## WHAT THE EXERCISE ASKS
Begin at the line that has "开淘宝店需要什么费用和手续（淘宝C店入驻流程）", stop after the line that has "STRUKTUR DAN MAKNA MATSNAWI RUMI", and print exactly those lines from the records below, without any pictures.

┌─ AVAILABLE RECORDS

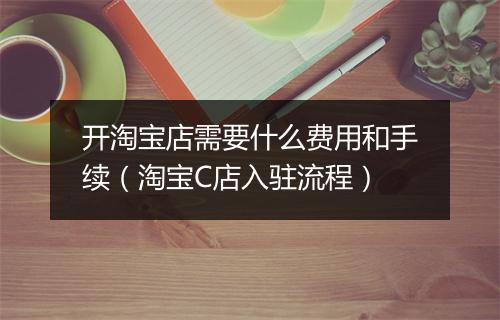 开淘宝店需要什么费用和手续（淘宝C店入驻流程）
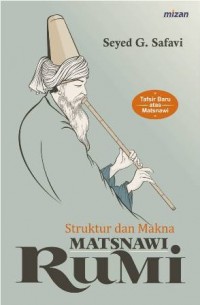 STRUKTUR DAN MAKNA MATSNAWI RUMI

└─
┌─ AVAILABLE RECORDS

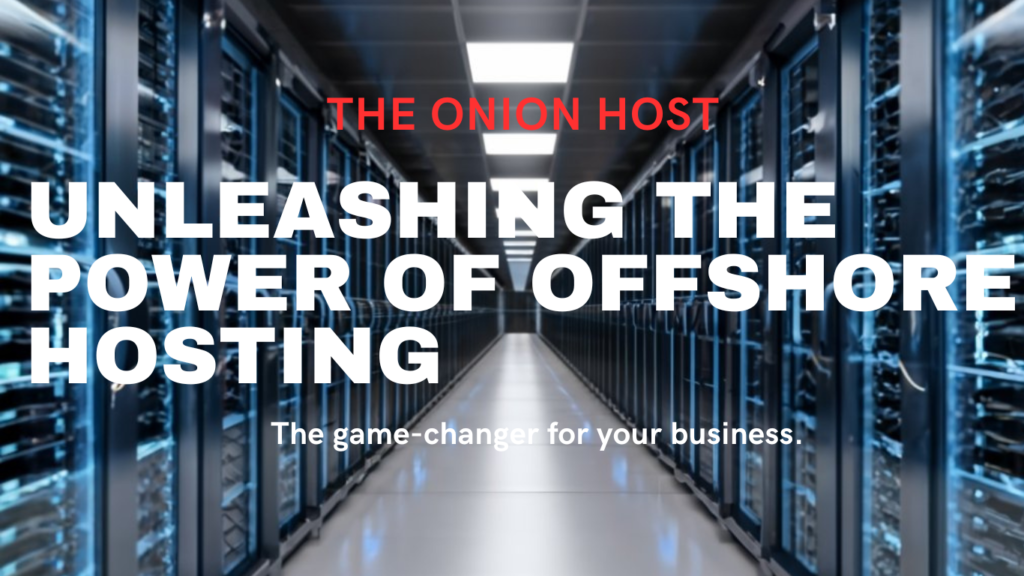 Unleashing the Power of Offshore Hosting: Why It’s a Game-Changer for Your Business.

└─
┌─ AVAILABLE RECORDS

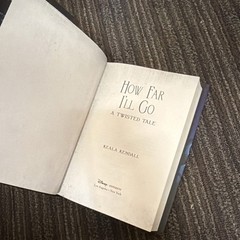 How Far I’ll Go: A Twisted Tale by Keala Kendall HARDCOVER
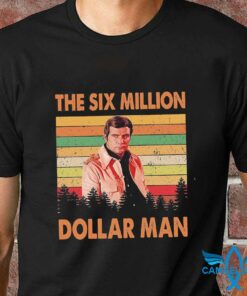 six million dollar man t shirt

└─

## RESPONSE TO THE TASK
 开淘宝店需要什么费用和手续（淘宝C店入驻流程）
 STRUKTUR DAN MAKNA MATSNAWI RUMI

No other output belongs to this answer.